What the task requires: Exclude the pictures and repeat all of the data exactly.

The input:

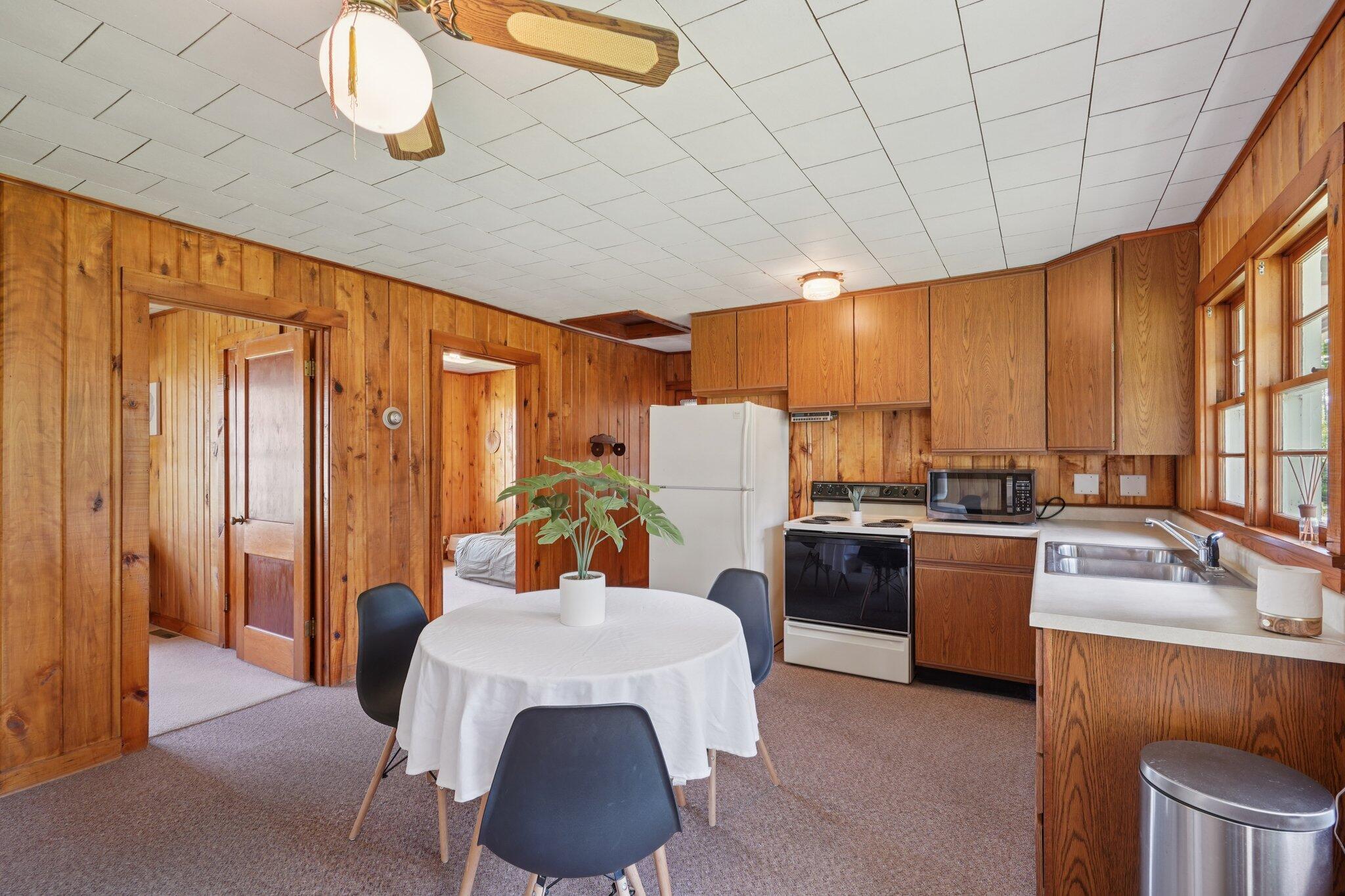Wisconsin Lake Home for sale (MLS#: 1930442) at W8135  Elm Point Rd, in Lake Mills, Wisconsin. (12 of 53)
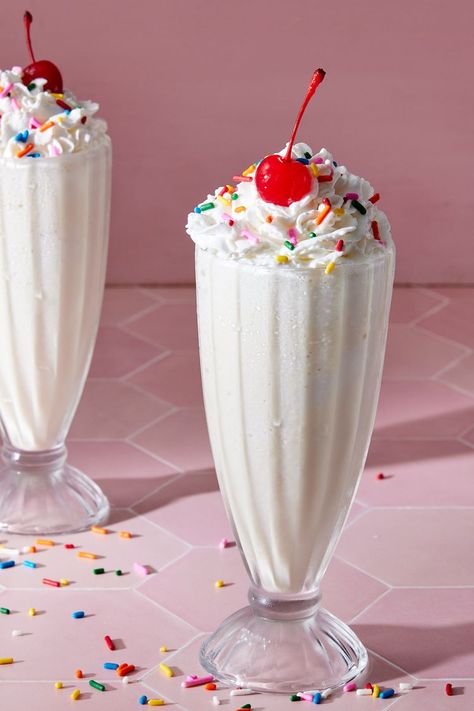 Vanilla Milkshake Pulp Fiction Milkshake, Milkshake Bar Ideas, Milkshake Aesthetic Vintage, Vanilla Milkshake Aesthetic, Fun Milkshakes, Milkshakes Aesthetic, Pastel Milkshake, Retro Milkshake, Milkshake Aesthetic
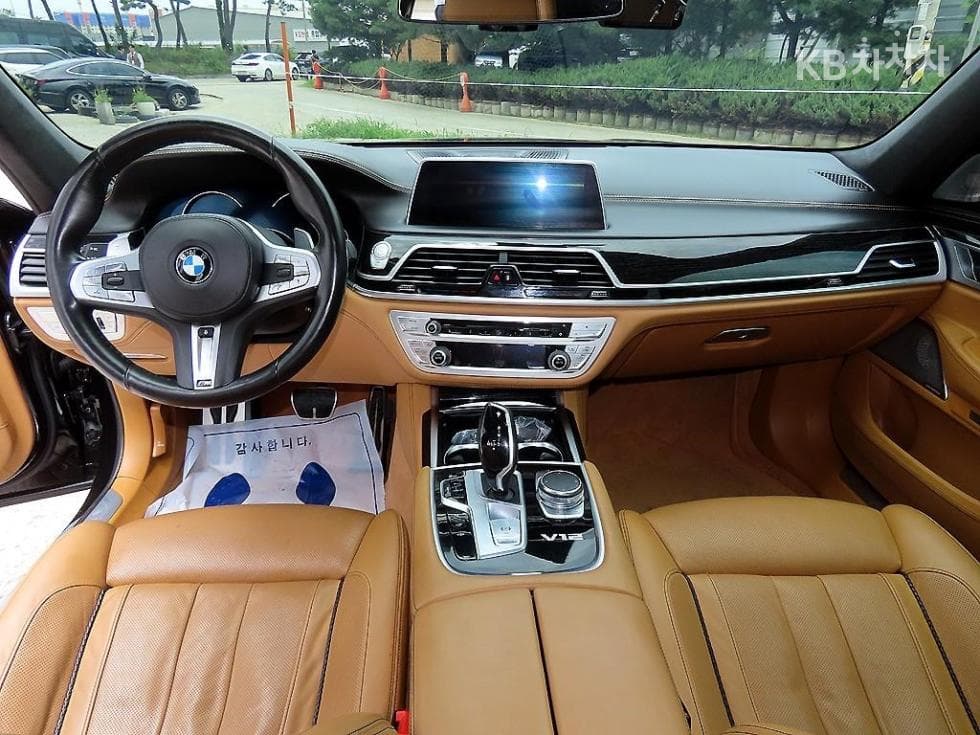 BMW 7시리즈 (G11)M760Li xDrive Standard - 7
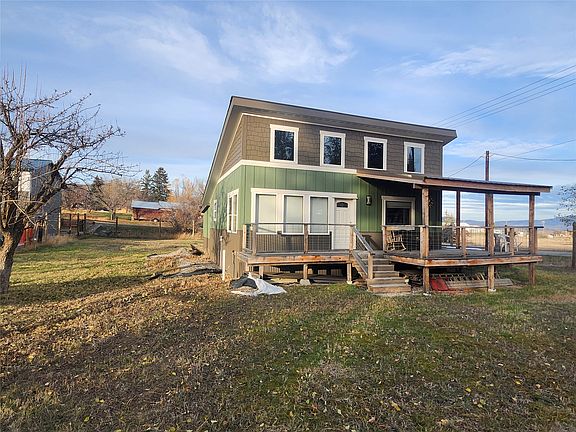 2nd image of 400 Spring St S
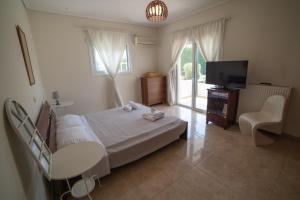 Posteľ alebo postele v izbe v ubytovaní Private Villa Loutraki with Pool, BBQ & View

Solution to the exercise:
Wisconsin Lake Home for sale (MLS#: 1930442) at W8135  Elm Point Rd, in Lake Mills, Wisconsin. (12 of 53)
 Vanilla Milkshake Pulp Fiction Milkshake, Milkshake Bar Ideas, Milkshake Aesthetic Vintage, Vanilla Milkshake Aesthetic, Fun Milkshakes, Milkshakes Aesthetic, Pastel Milkshake, Retro Milkshake, Milkshake Aesthetic
 BMW 7시리즈 (G11)M760Li xDrive Standard - 7
 2nd image of 400 Spring St S
 Posteľ alebo postele v izbe v ubytovaní Private Villa Loutraki with Pool, BBQ & View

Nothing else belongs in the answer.